Grateful, Jacqui glanced Madison’s way, but because Mitch was seated next to his younger sister, she accidentally caught his eyes instead. He winked at her, making her look quickly back down at the tomatoes, mozzarella and basil on her plate. Although this was her favorite salad, suddenly she found it difficult to swallow.

Jacqui fit in very well with his family, Mitch mused during the scrumptious dessert that followed her excellent meal. But she seemed to be doing everything she could to remain separate from them. She jumped up constantly during the meal to wait on everyone, serving from the left and removing from the right with the efficiency of a banquet server rather than an attentive hostess. She might as well have worn a name tag identifying her as an employee of the household. He wasn’t sure how, exactly, his mom had roped her into this, but Jacqui handled a last-minute dinner party with the same efficient aplomb with which she did all the responsibilities of her job.

To give them credit, his aunts didn’t treat her any differently than they did any of the others at this somewhat unconventional dinner party. With their usual curiosity—okay, nosiness—they eagerly include

d Jacqui in the series of personal questions they threw at Mitch, Madison and even Alice. Jacqui, he noted, was good at giving polite nonanswers—so skilled at it that it was only later one realized she hadn’t really divulged much information at all.

“Do you want to be a lawyer like your father or a doctor like your stepmother and her brother and sister?” Kathleen asked Alice during the dessert. “Or maybe a CPA like your new grandmother?”

“Both my parents are lawyers,” Alice replied, carefully including her mother in the list. “But I want to be an orthodontist.”

“An orthodontist?” Doreen smiled. “That’s not something you hear very often from a girl your age.”

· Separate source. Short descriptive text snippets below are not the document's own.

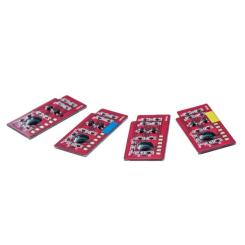 Чип для картриджа AHK SAMSUNG CLP-CLP-620ND/670ND/SCX-6220 FX BLACK S-CL Фото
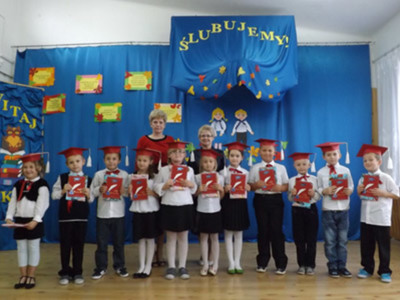 Ślubowanie 5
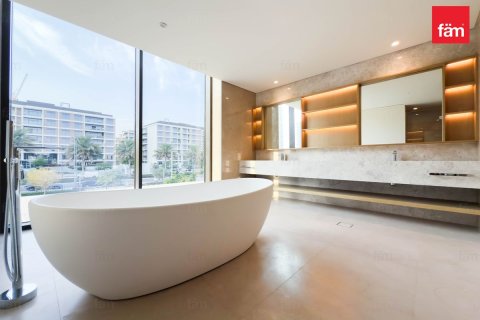Dubai Hills Estate, Dubai, संयुक्त अरब अमीरात में विला, 5 बेडरूम, 649 वर्ग मीटर, संख्या 687353 - फ़ोटो 10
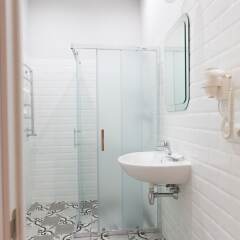 Гостиница HOTEL10 фото 9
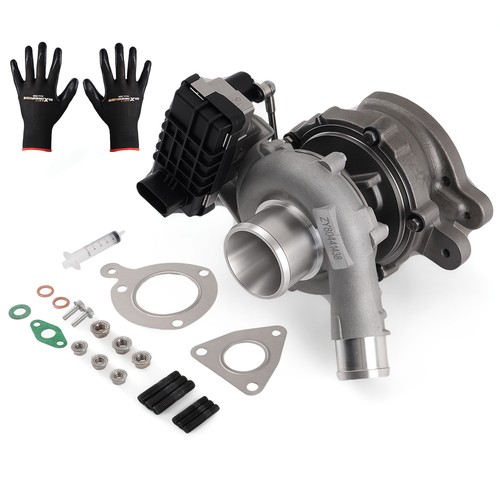 Turbo turbolader for ford - turbolader,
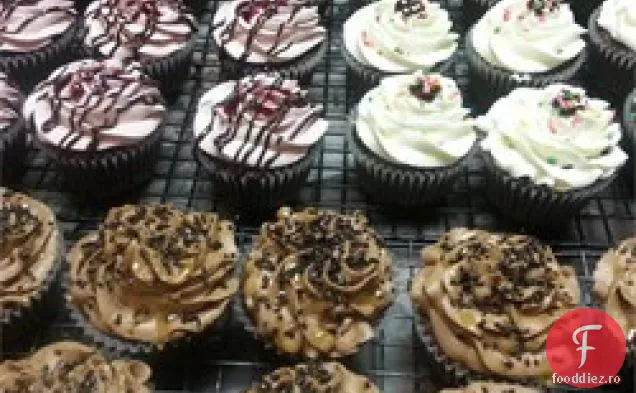 Cel Mai Bun Tort De Ciocolată Pe Care L-Ai Mâncat Vreodată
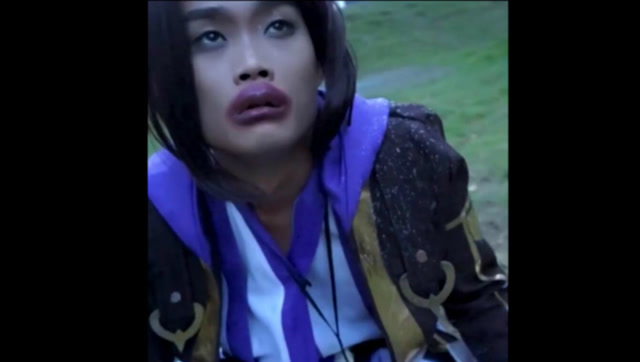 真人版王者荣耀：至尊宝翻拍东成西就的剧情演的还是挺不错的嘛免费观看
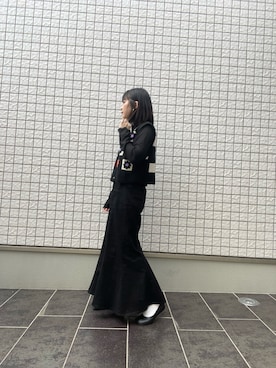 もえさんのコーディネート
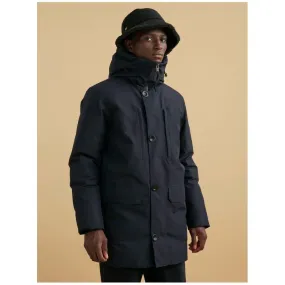 Aigle  Parka longue Gore-Tex plume - Parka - Uomo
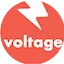 Logo Voltage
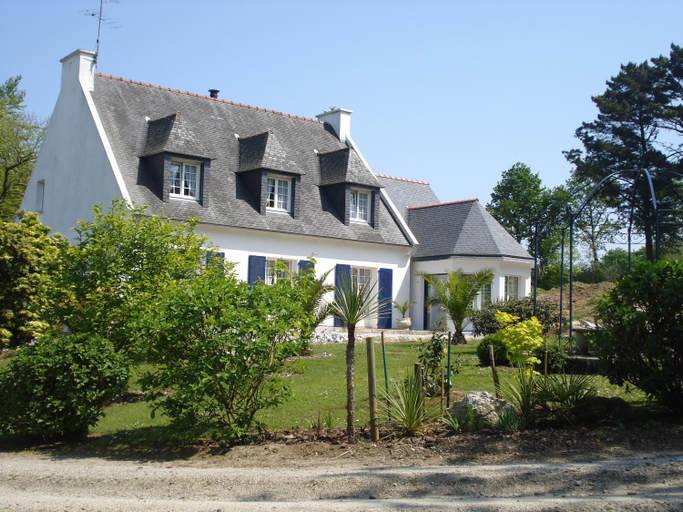 Exterior & Views 1, Le Rocher du Samoyede, Finistère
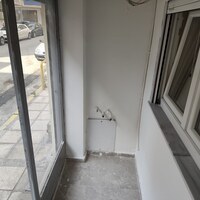 Flat in Greece, Thessaloniki, 32 sq.m.
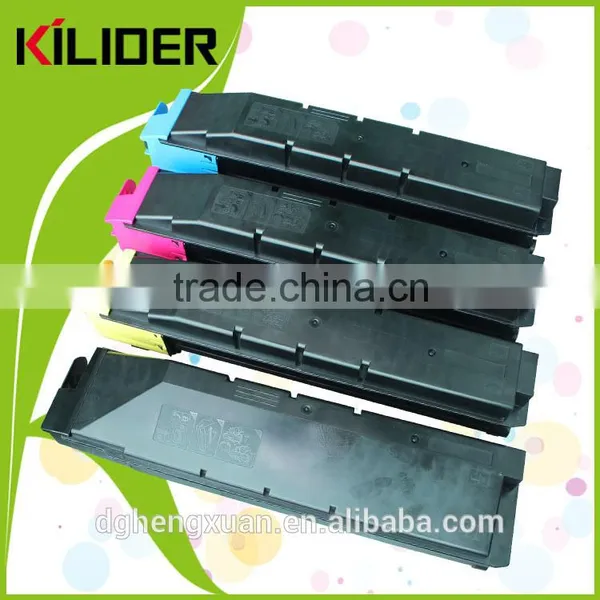 Compatible Toner Cartridge TK-8602 for Kyocera FS-C8650DN/8600DN photo-2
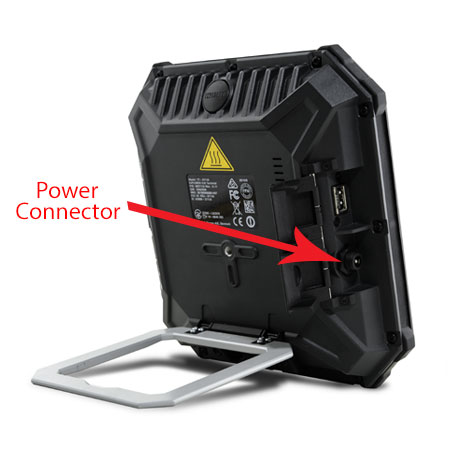 Explorer 510 Quick Start Guide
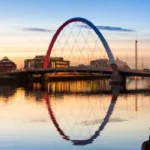 What Are The Smartest Ways To Get To East Kilbride From Glasgow?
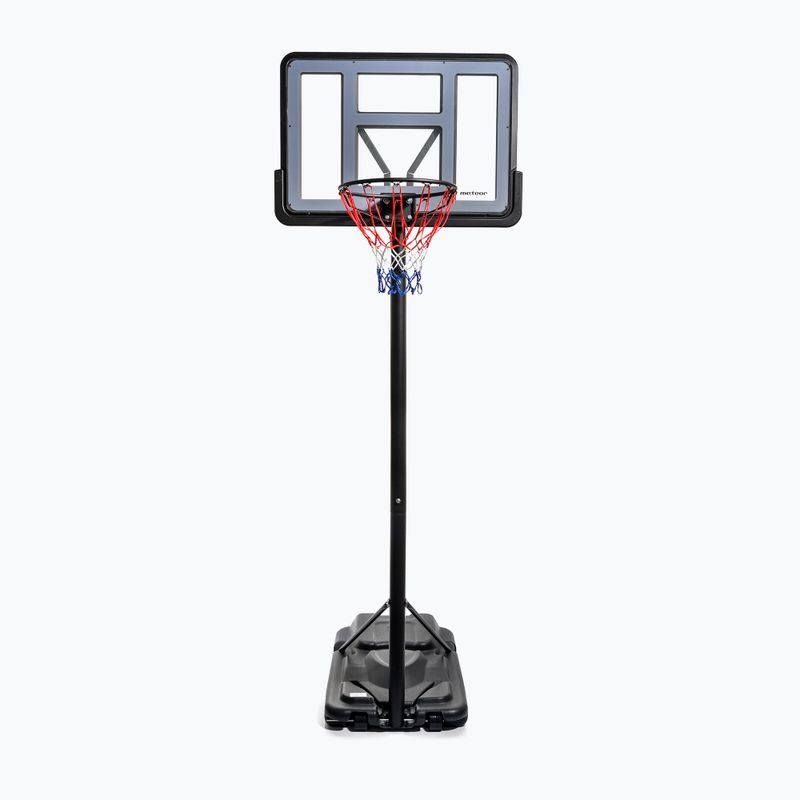 Basketbalový koš Meteor Chicago 21A black 20081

Alice grinned, displaying the braces she’d been wearing for just more than a year. “I’ve had plenty of chances to watch what my orthodontist does. It looks interesting. And I like the thought of making people feel better about their smiles.”

“That’s very nice,” Kathleen approved. “A good reason to go into a field. That’s why all LaDonna’s children went into medicine, I’m sure—to help people. Not for the money.”

Madison laughed wryly. “You really must have stronger reasons to go into medicine than money. In my opinion, no amount of pay is a good-enough incentive alone to get through medical school. There are a lot less stressful ways to make a decent salary.”

Alice giggled. “Dad and Meagan are always play-arguing about which is harder, medical school or law school.”

“Medical school,” Mitch and Madison said in unison.